Cocktails and beers will rotate, too, including infused liquors, drink specials and beers on tap.
“People our age are eating in all these restaurants in Uptown, downtown and Lower Greenville,” says Carter, “and they’re going to really cool bars and asking, ‘where is that around here?’ It just didn’t exist, so we created it.”
Friends their age also have kids, and Howard says dealing with “the kid issue” was something the group took seriously.
“We spent a lot of time talking about ‘What is kid-friendly?’ In order to be in this neighborhood we have to be kid-friendly, and we will be – we have a play area in the front and we’ll have a kid’s menu, high chairs and changing station. We want families to feel comfortable coming here, but we also want empty nesters in the neighborhood to feel just as comfortable coming for date night.”
“MiCocina at Lakewood is a great example,” agrees Carter. “At 5:15 the place is full of families. By 7:30 it transforms into a date night place. It’s a completely different vibe.”
“We also want to be a place people can stop off on their way home from dinner at another location,” says Cannon. “They can have dessert or one last drink close to home.”
It’s important to them, too, to give back.
“Since we’re all from here, we want to be a part of the community,” says Carter. “We plan to have Spirit Nights and events, similar to what Tom Goodale at Atomic Pie has done. In fact, we’ve spoken to him about partnerships, and we’re hoping to host a pre-party or post-party for [Exchange Club of Lake Highlands] Oktoberfest.

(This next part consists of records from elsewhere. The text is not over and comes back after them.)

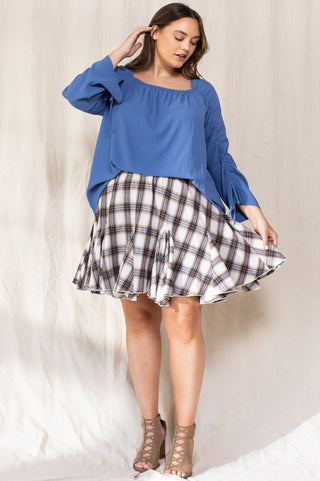 Solid Air Flow Square Neck Top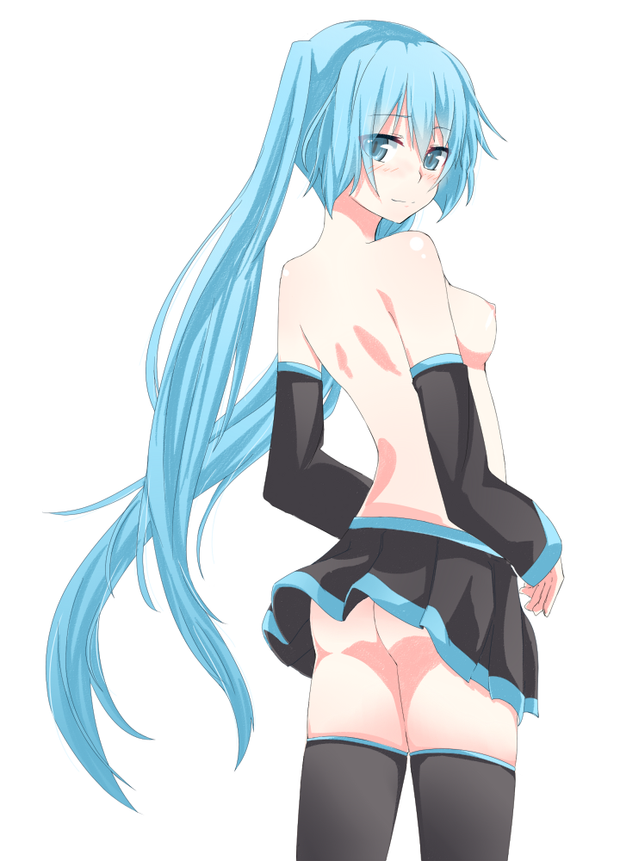 hatsune miku (vocaloid) drawn by mujakuma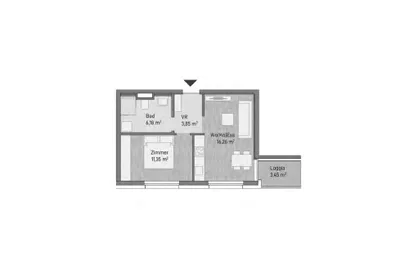 2-Zimmer-Wohnung kaufen in Graz – 37,64 m², € 203.256 – Bild 1 von 2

We want to give back.”
When sitting down to formulate their plan, the group admits they reminisced a bit about their old haunts.
“I had my 12th birthday at Picasso’s,” recalls Cannon, clarifying that the Picasso’s of his youth was the restaurant’s original location, north of LBJ. The friends also frequented the original Chili’s on Greenville, Sweet Temptations, Tiger Bull’s, Joe Willy’s, Olympic Pizza, Mother Mesquite’s, Bobo China, Houston’s and Gershwin’s. They spent some time, too, at the recently shuttered Taco Bueno at Whitehurst and Skillman, “but more for the parking lot teen scene than for the food.”
I asked if the planned Lakeridge Village across Audelia will work for – or against them.
“You can’t eat at Cedar & Vine every day of the week,” says Cannon. “You need other options in the neighborhood, and the more business we can bring to the area, the better. We want to keep dollars in Lake Highlands. We want to get people who live outside of Lake Highlands coming in. We want to make Lake Highlands the dining scene. “
Cedar & Vine is open for lunch and dinner 7 days a week in Lake Highlands Plaza, 9661 Audelia.